Synthesis in VLSI is the essential process that converts Register Transfer Level (RTL) code, commonly written in Verilog, into a gate-level netlist that is customized for a specific technology. This transformation is not only crucial but also needs to meet important constraints related to area, timing, and power. Let’s dive deeper into the concept and its importance.

Why is Synthesis in VLSI Important?

Synthesis in VLSI bridges the gap between high-level design representations and the final gate-level implementation of a circuit. It ensures that the circuit meets the required specifications in terms of performance, area, and power consumption. The process involves several key tasks, such as logic optimization, technology mapping, and timing analysis, all aimed at enhancing the circuit’s efficiency and reliability.
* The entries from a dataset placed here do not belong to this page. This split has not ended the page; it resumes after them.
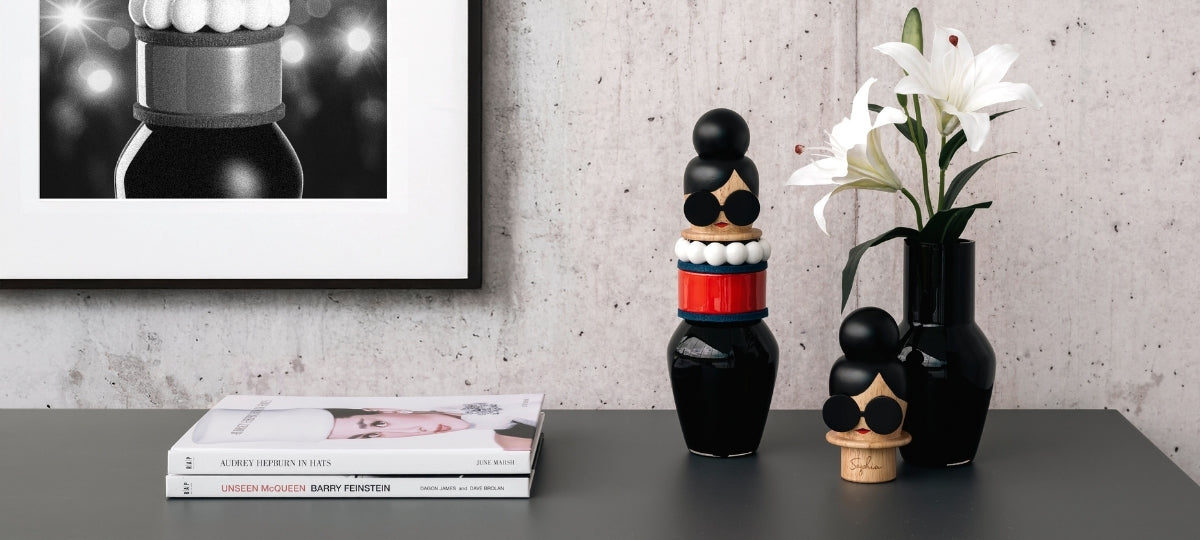 Schwarze Dekofiguren und Vasen mit weißen Blüten auf grauem Tisch, Bücher und Wandbild im Hintergrund
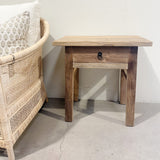 Wooden side table with a drawer next to a wicker chair against a white wall.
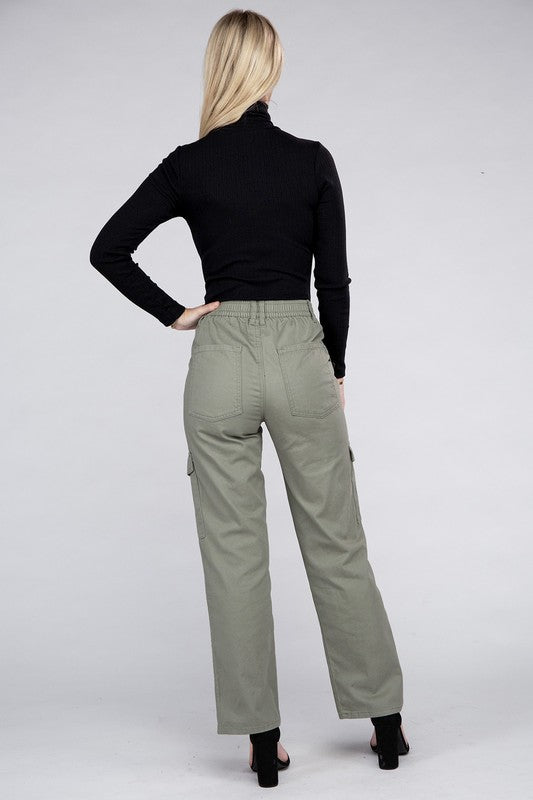 A person is wearing high-waisted, olive green Everyday Wear Elastic-Waist Cargo Pants, complemented by black high-heeled sandals.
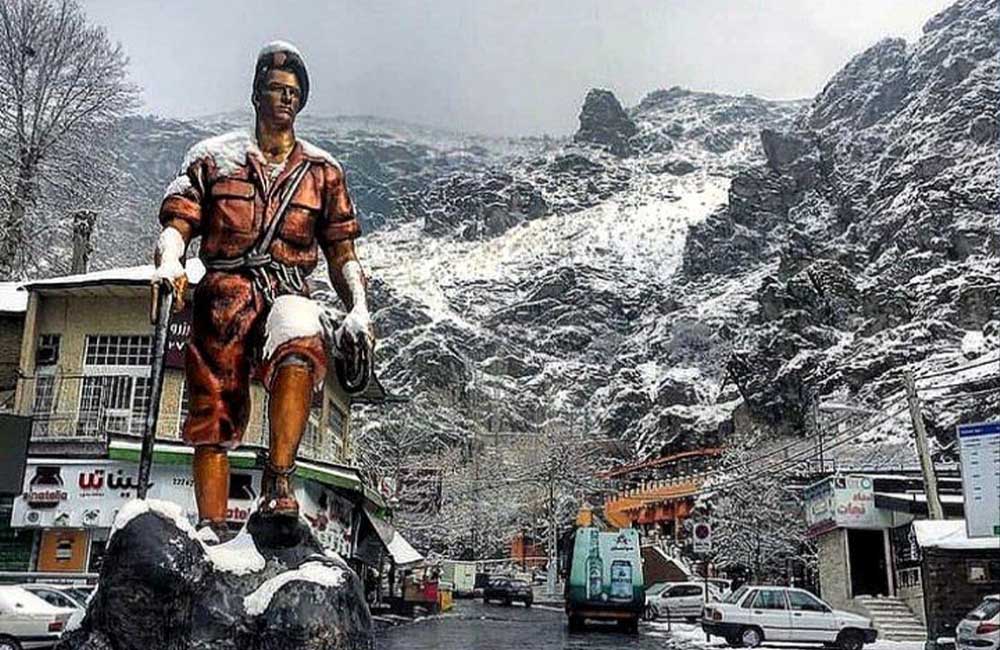 مجسمهای در میدان دربند با پسزمینه کوههای پوشیده در برف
Types of Synthesis in VLSI

There are two main types of synthesis techniques used to convert RTL code into a gate-level netlist:

1. Logic Synthesis
2. Physical Aware Synthesis

Logic Synthesis in VLSI

Logic Synthesis is the process where RTL code is transformed into a gate-level netlist using specialized tools and techniques. The goal of logic synthesis is to optimize the design by reducing complexity while ensuring that it meets area, timing, and power constraints.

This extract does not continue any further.